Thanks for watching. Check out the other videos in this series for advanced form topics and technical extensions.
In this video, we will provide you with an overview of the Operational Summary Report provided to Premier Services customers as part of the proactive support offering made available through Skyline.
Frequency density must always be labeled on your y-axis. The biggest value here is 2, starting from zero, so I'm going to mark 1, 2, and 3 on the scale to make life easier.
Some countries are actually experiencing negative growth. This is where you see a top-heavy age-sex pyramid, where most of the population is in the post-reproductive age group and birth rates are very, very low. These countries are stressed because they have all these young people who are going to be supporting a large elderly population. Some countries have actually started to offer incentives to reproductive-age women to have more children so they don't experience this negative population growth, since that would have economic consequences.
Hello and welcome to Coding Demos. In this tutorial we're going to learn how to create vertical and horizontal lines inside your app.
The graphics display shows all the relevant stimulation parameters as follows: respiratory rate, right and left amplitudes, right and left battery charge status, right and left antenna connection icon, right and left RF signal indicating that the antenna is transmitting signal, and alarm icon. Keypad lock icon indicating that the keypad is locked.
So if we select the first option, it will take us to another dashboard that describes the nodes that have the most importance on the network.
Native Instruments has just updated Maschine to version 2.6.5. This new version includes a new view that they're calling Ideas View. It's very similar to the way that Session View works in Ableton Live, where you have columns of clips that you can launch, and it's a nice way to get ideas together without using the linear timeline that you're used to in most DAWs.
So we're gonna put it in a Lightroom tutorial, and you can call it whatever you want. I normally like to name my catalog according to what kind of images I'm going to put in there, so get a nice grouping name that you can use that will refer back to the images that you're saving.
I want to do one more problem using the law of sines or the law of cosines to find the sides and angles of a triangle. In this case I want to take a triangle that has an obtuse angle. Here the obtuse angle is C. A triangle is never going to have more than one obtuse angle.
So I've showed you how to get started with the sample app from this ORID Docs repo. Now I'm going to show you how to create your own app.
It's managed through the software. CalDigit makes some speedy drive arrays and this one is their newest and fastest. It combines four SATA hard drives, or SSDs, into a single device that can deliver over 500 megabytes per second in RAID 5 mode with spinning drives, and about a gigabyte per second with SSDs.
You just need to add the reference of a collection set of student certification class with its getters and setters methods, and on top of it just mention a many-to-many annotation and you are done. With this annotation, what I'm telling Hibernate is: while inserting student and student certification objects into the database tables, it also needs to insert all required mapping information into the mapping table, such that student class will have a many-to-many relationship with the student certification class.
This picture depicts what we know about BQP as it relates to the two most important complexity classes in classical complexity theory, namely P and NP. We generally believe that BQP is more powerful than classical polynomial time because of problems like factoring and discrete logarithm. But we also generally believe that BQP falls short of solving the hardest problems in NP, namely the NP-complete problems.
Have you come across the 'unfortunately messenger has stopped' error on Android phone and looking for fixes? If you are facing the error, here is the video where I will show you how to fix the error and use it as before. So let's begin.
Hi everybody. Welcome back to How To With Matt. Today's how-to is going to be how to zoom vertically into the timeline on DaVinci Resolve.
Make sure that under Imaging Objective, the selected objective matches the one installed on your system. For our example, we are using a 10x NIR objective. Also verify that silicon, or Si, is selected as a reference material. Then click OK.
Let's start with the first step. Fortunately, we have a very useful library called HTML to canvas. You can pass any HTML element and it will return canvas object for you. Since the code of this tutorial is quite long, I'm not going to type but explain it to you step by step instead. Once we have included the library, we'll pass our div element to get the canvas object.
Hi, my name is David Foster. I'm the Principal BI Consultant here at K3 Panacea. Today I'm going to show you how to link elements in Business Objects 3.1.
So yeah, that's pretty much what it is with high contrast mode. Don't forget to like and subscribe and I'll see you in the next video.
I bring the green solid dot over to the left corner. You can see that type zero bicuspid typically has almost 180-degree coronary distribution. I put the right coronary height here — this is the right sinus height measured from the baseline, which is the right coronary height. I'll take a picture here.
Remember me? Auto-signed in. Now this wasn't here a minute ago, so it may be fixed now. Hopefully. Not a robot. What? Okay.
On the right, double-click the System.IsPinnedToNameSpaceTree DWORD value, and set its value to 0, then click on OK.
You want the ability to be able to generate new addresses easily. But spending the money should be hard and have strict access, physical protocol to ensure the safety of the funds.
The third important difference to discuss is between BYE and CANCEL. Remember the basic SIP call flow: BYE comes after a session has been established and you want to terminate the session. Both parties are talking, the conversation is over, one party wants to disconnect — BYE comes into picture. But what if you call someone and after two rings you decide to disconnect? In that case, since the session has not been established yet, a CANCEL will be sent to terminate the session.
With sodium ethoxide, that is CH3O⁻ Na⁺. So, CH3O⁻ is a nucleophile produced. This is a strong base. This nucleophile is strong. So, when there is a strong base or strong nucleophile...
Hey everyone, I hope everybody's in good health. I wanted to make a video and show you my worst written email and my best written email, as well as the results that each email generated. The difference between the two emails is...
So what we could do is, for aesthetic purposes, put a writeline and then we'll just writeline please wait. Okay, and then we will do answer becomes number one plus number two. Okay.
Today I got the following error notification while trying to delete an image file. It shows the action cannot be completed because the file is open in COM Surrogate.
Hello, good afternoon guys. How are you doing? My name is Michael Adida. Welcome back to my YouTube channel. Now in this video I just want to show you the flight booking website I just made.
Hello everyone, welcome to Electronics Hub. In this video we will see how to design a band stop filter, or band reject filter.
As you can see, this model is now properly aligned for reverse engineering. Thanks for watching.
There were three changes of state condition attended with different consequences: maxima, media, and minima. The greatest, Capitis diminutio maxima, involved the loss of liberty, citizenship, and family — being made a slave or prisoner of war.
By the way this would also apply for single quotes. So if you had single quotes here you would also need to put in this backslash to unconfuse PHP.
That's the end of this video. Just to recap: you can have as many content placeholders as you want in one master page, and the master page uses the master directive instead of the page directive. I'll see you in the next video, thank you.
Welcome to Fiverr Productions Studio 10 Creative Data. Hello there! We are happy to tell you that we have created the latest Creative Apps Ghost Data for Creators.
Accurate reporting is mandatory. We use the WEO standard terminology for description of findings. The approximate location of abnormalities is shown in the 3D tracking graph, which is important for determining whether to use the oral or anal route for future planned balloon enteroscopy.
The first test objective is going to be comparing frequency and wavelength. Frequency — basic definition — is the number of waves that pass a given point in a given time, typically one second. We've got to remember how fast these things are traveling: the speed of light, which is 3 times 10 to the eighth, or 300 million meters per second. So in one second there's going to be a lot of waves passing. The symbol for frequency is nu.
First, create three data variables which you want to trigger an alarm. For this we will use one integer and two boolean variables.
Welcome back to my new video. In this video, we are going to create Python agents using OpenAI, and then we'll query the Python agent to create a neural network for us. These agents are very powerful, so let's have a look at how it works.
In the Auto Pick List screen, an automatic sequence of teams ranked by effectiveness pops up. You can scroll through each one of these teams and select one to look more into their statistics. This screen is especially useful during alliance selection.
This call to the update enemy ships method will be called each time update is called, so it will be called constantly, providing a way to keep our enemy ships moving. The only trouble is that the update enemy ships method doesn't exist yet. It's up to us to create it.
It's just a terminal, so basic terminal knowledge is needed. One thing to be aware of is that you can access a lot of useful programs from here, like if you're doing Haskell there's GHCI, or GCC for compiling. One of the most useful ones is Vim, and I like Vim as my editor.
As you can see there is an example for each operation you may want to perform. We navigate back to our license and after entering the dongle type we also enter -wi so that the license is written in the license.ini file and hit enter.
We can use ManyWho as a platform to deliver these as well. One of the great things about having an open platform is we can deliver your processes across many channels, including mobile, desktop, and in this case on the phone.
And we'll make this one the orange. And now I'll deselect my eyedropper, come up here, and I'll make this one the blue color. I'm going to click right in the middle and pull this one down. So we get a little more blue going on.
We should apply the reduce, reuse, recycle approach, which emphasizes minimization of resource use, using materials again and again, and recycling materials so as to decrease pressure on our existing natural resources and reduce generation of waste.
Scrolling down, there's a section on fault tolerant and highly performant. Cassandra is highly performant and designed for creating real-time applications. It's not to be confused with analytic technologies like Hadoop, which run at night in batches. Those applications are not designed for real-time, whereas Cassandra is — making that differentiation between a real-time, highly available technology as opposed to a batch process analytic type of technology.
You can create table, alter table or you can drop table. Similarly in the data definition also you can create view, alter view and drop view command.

|---|

WHAT YOU SHOULD DO -
Set down, unchanged, only those lines above that fall between the line with "There were three" and the line with "Welcome back to my new", the two end lines included.

SOLUTION -
There were three changes of state condition attended with different consequences: maxima, media, and minima. The greatest, Capitis diminutio maxima, involved the loss of liberty, citizenship, and family — being made a slave or prisoner of war.
By the way this would also apply for single quotes. So if you had single quotes here you would also need to put in this backslash to unconfuse PHP.
That's the end of this video. Just to recap: you can have as many content placeholders as you want in one master page, and the master page uses the master directive instead of the page directive. I'll see you in the next video, thank you.
Welcome to Fiverr Productions Studio 10 Creative Data. Hello there! We are happy to tell you that we have created the latest Creative Apps Ghost Data for Creators.
Accurate reporting is mandatory. We use the WEO standard terminology for description of findings. The approximate location of abnormalities is shown in the 3D tracking graph, which is important for determining whether to use the oral or anal route for future planned balloon enteroscopy.
The first test objective is going to be comparing frequency and wavelength. Frequency — basic definition — is the number of waves that pass a given point in a given time, typically one second. We've got to remember how fast these things are traveling: the speed of light, which is 3 times 10 to the eighth, or 300 million meters per second. So in one second there's going to be a lot of waves passing. The symbol for frequency is nu.
First, create three data variables which you want to trigger an alarm. For this we will use one integer and two boolean variables.
Welcome back to my new video. In this video, we are going to create Python agents using OpenAI, and then we'll query the Python agent to create a neural network for us. These agents are very powerful, so let's have a look at how it works.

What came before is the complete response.